→ **EXERCISE AIM**: For the material below, the expected output is exactly the lines between the line holding "Alan Walker Faded" and the line holding "mountain, freedom ...", inclusive, with pictures left out.

→ **INPUT MATERIAL**:
####
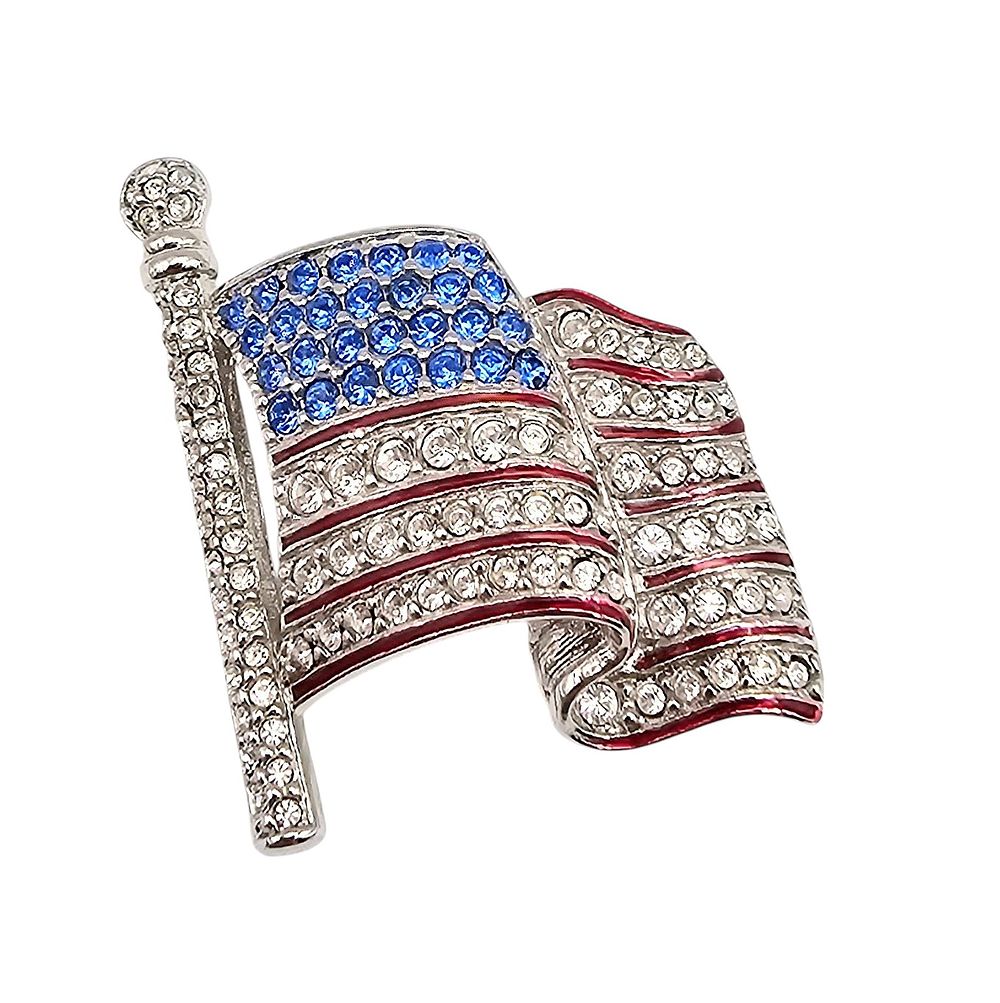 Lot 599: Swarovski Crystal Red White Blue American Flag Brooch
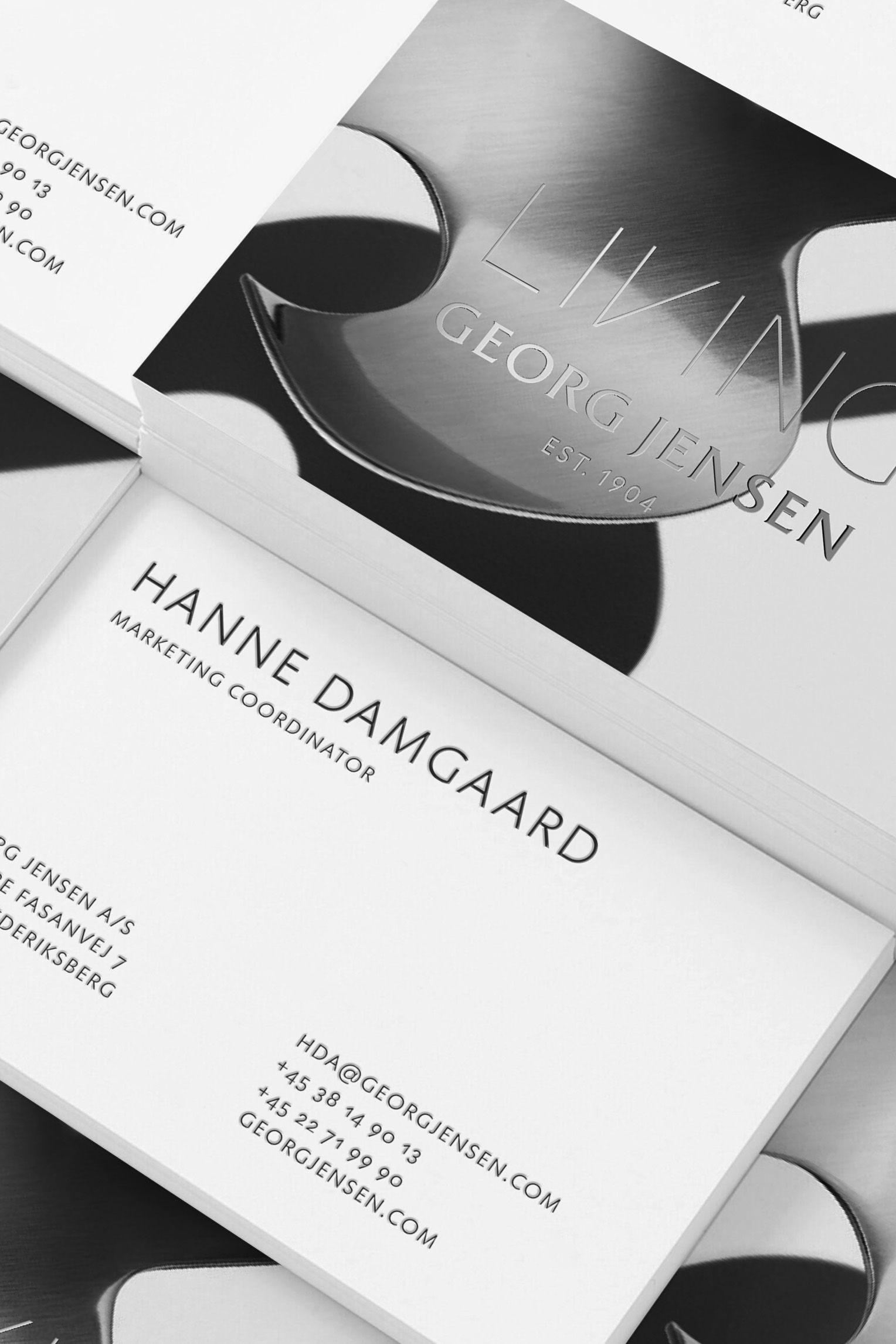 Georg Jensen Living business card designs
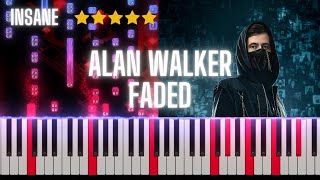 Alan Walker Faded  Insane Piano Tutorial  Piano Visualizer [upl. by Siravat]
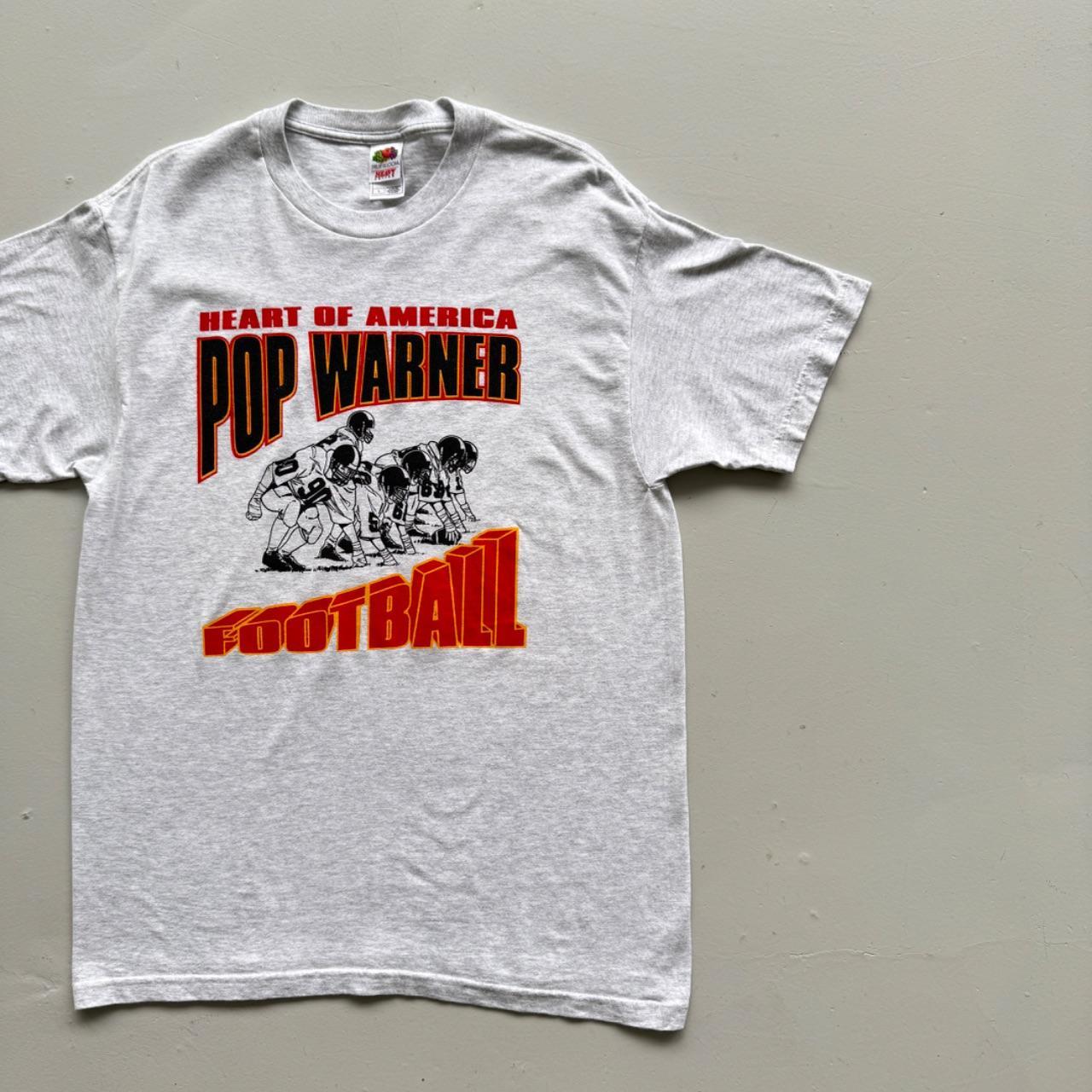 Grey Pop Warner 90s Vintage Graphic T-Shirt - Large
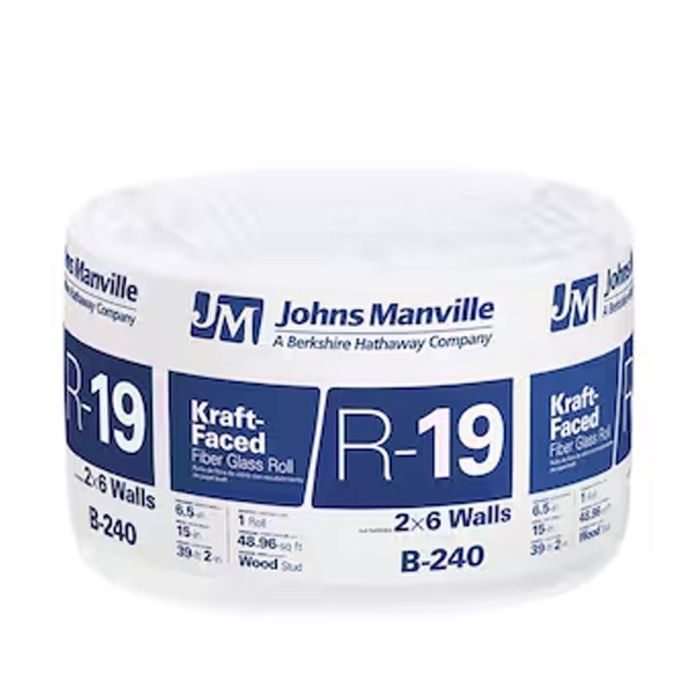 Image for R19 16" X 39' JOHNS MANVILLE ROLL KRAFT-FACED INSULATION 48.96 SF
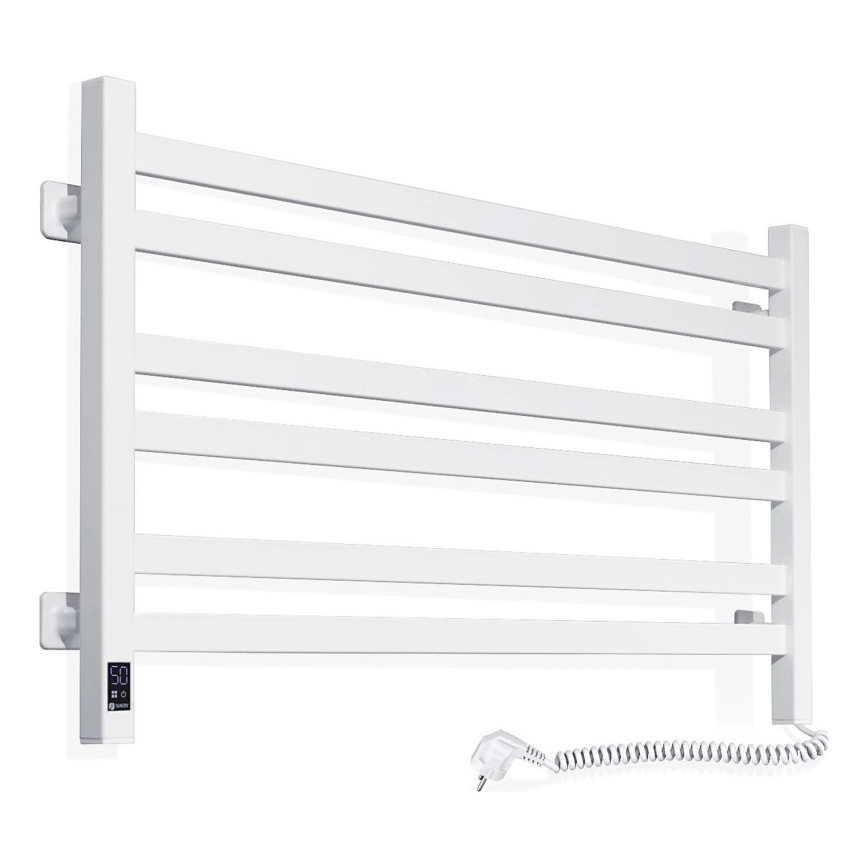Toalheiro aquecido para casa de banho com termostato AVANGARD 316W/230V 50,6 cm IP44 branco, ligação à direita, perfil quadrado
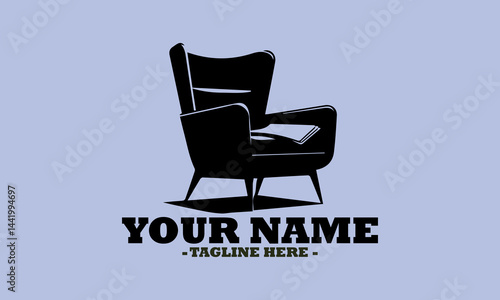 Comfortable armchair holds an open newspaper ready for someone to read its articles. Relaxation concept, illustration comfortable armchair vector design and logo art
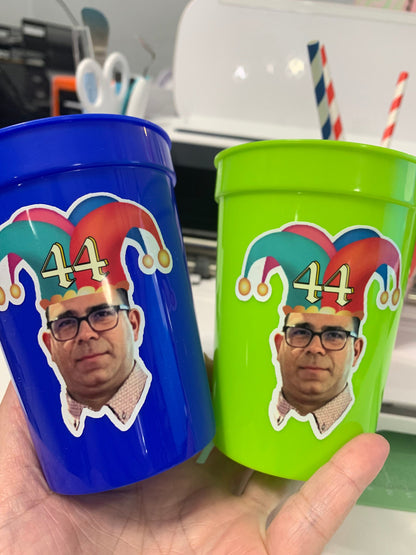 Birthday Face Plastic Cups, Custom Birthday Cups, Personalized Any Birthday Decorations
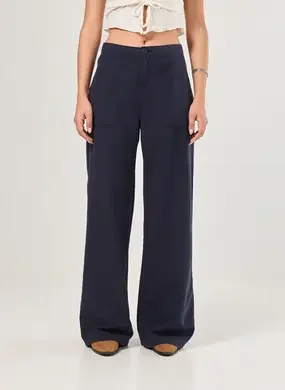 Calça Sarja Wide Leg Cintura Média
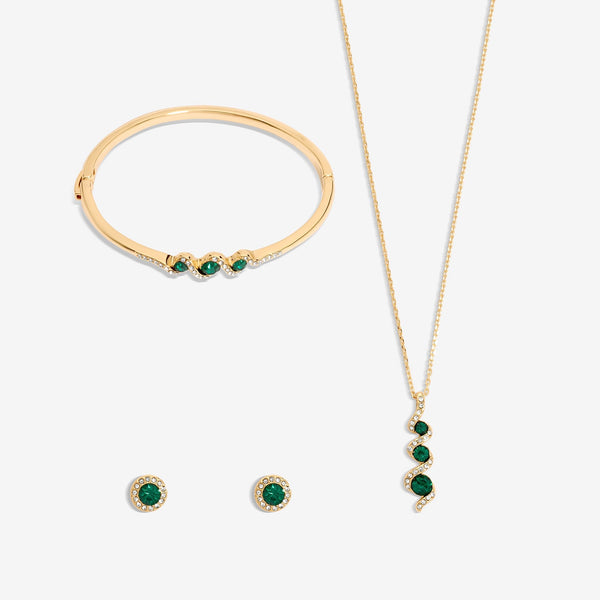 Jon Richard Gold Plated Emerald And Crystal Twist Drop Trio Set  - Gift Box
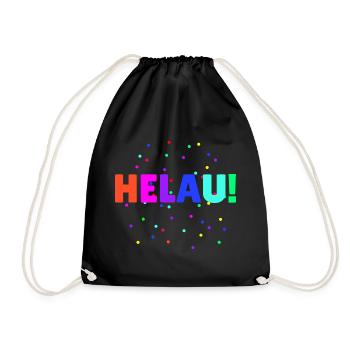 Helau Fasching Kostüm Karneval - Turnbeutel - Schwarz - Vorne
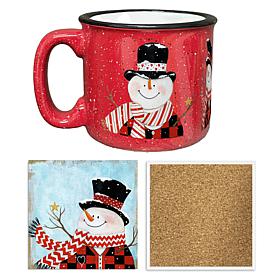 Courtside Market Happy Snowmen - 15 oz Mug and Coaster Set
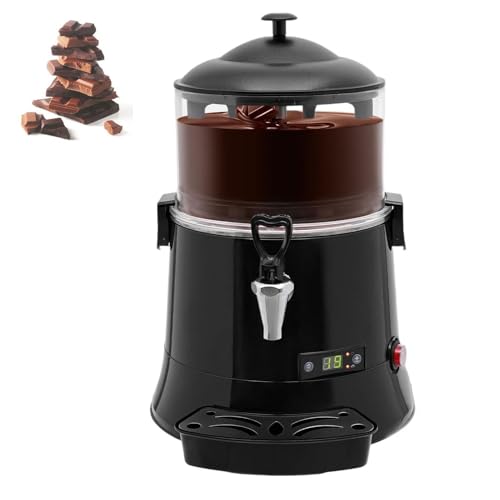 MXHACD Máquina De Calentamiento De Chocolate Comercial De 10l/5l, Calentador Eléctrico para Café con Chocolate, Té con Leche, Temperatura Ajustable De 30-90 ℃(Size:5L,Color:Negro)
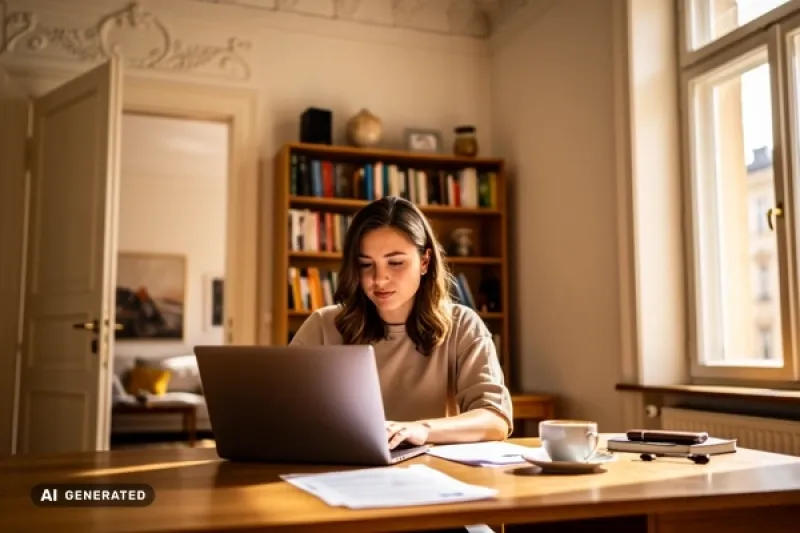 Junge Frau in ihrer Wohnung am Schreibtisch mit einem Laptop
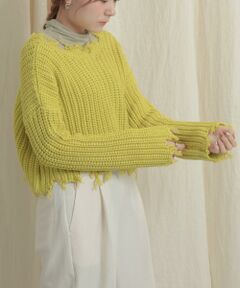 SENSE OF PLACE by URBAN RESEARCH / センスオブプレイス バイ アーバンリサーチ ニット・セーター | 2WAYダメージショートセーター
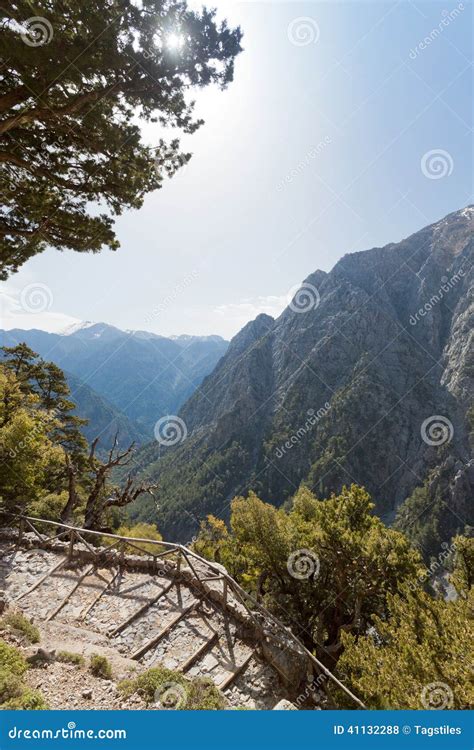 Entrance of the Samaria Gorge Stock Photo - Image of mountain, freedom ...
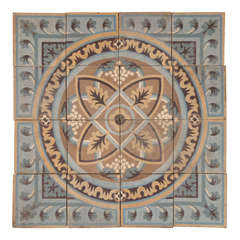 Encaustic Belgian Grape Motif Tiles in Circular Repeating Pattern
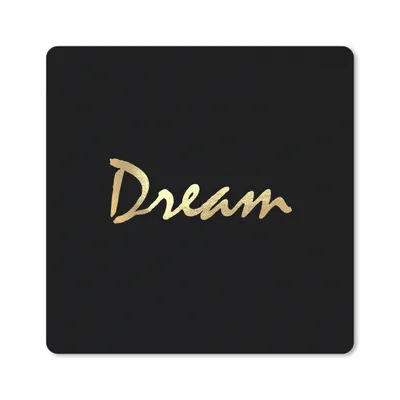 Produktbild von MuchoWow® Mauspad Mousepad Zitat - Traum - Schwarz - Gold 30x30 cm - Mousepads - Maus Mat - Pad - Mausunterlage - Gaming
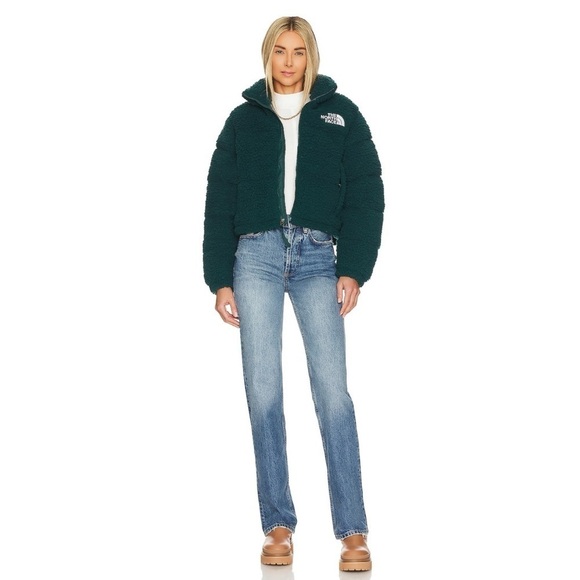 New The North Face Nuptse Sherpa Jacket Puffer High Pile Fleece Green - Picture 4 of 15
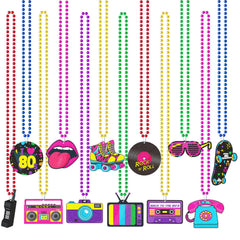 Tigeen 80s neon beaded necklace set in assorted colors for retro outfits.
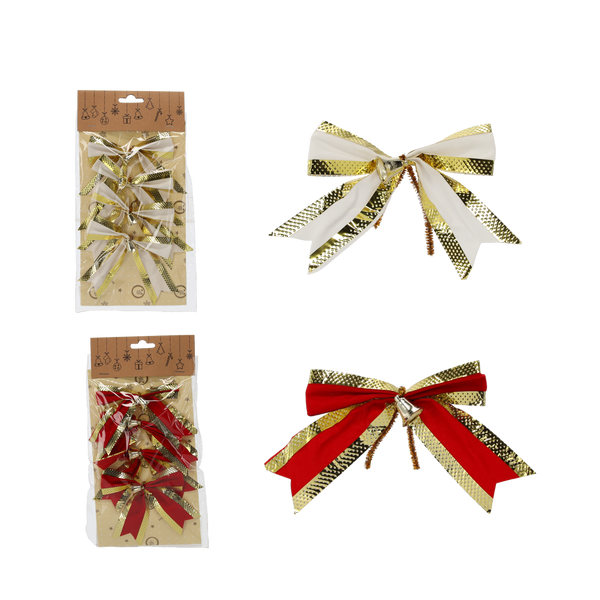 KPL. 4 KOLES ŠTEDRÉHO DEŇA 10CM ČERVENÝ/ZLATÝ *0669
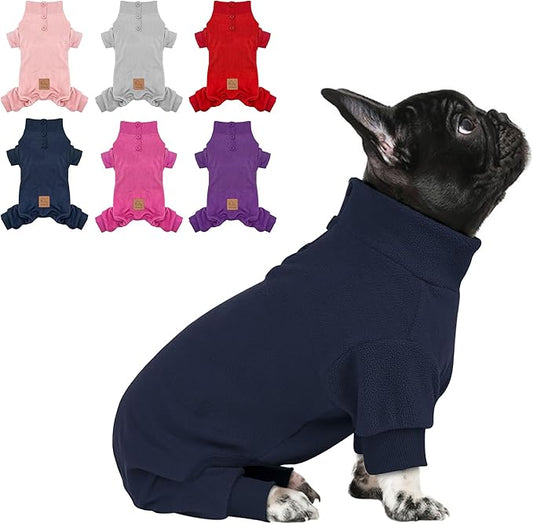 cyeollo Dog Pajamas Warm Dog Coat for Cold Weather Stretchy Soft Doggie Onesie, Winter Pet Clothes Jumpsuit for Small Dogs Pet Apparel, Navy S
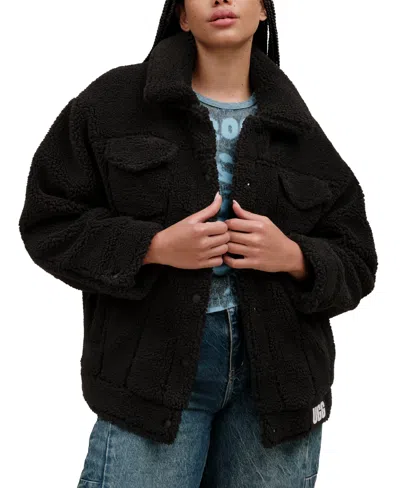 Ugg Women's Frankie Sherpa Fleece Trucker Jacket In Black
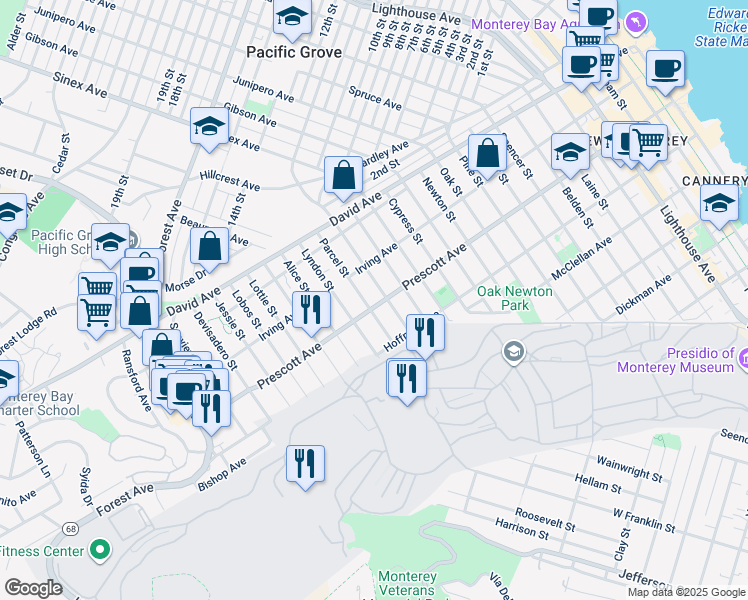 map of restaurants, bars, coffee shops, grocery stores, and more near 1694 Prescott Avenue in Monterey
####
→ **ANSWER TO THE EXERCISE**:
 Alan Walker Faded  Insane Piano Tutorial  Piano Visualizer [upl. by Siravat]
 Grey Pop Warner 90s Vintage Graphic T-Shirt - Large
 Image for R19 16" X 39' JOHNS MANVILLE ROLL KRAFT-FACED INSULATION 48.96 SF
Toalheiro aquecido para casa de banho com termostato AVANGARD 316W/230V 50,6 cm IP44 branco, ligação à direita, perfil quadrado
 Comfortable armchair holds an open newspaper ready for someone to read its articles. Relaxation concept, illustration comfortable armchair vector design and logo art
 Birthday Face Plastic Cups, Custom Birthday Cups, Personalized Any Birthday Decorations
 Calça Sarja Wide Leg Cintura Média
 Jon Richard Gold Plated Emerald And Crystal Twist Drop Trio Set  - Gift Box
 Helau Fasching Kostüm Karneval - Turnbeutel - Schwarz - Vorne
 Courtside Market Happy Snowmen - 15 oz Mug and Coaster Set
 MXHACD Máquina De Calentamiento De Chocolate Comercial De 10l/5l, Calentador Eléctrico para Café con Chocolate, Té con Leche, Temperatura Ajustable De 30-90 ℃(Size:5L,Color:Negro)
 Junge Frau in ihrer Wohnung am Schreibtisch mit einem Laptop
 SENSE OF PLACE by URBAN RESEARCH / センスオブプレイス バイ アーバンリサーチ ニット・セーター | 2WAYダメージショートセーター
 Entrance of the Samaria Gorge Stock Photo - Image of mountain, freedom ...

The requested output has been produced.